Individual home mortgages do not exist in vacuums. They are often sold off and packaged into securitized and collateralized bundles that can be bought and sold in the markets. A bundle might include thousands of individual mortgages. Without going into too much detail here, the common wisdom was that an individual mortgage is riskier than a package of them. Basically, because your exposure to delinquent payments is mitigated averaged out many mortgages. Agencies that rate financial instruments failed to see the danger of the interconnectedness of the housing market (a potential wide-spread reason/cause that would have mortgages going bad) and rated the mortgage packages based on historical mortgage repayment levels. They were given high ratings. Many even as high as AAA.

Even though they were rated as high as AAA, these mortgage securities often “paid off” slightly higher most AAA securities. Historically Wall Street smells a potential arbitrage like this like a shark smells blood in the water. They threw huge sums of money at the opportunity to make small percentage points on a single trade. It was not uncommon to risk something like $1 Billion, on a securitized mortgage related trade, with the hopes of making like $10 million….which sounds like a lot, until you realize that’s only 1%.

When the housing market started to fail these financial instruments failed, these banks were left open to hundreds of billions of dollars worth of exposure. Moreover, each Wall Street firm is/was so heavily invested in the other banks and funds, as one failed they all failed….like a house of cards.

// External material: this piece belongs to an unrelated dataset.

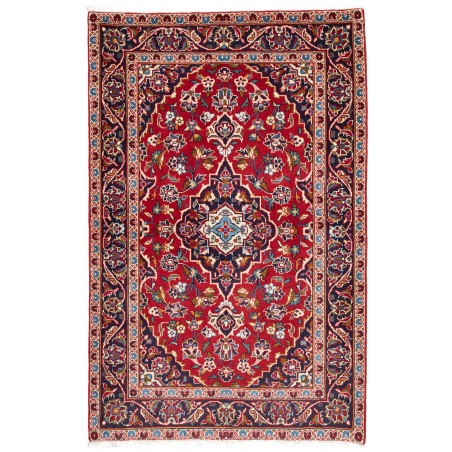 Tappeto Kashan Fine Persia marrone grigio 100x153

1) Your friends and FORMER neighbors: Conventional wisdom had once held that the housing market would always go up and was an impregnable investment. However, blood-letting was also once conventional wisdom as well.

People bought houses that were way out of their means. Don’t want to stomp on the American dream, but it’s very simple: people with bad credit and 30K yearly income should not own $3 million dollar homes. What’s more people knew that they couldn’t afford these homes, but because of the low “teaser” rate mortgages and nearly zero-down loans they were allowed to enter in mortgages. The thinking was, “Well, I can afford the mortgage payments for right now….when the rates go up and I can’t make the payments anymore I’ll just sell the house. By that time it will have appreciated in value and I’ll just make ten grand or so off the difference. No harm no foul.”

Little thing happened on the way to the bank: the housing market back-tracked. The impregnable investment became pregnable. People failed on their mortgage payments and sold their homes at a loss (if they were able to sell at all). This happened at widespread levels and (with aforementioned help of financial institutions) permeated the entire economy.

Lack of controls in the credit market was a problem….super low interest rates didn’t help…politicians grandstanding for more home ownership wasn’t the greatest either….but individual people should have been more responsible in buying homes and entering into mortgages that they could reasonably afford.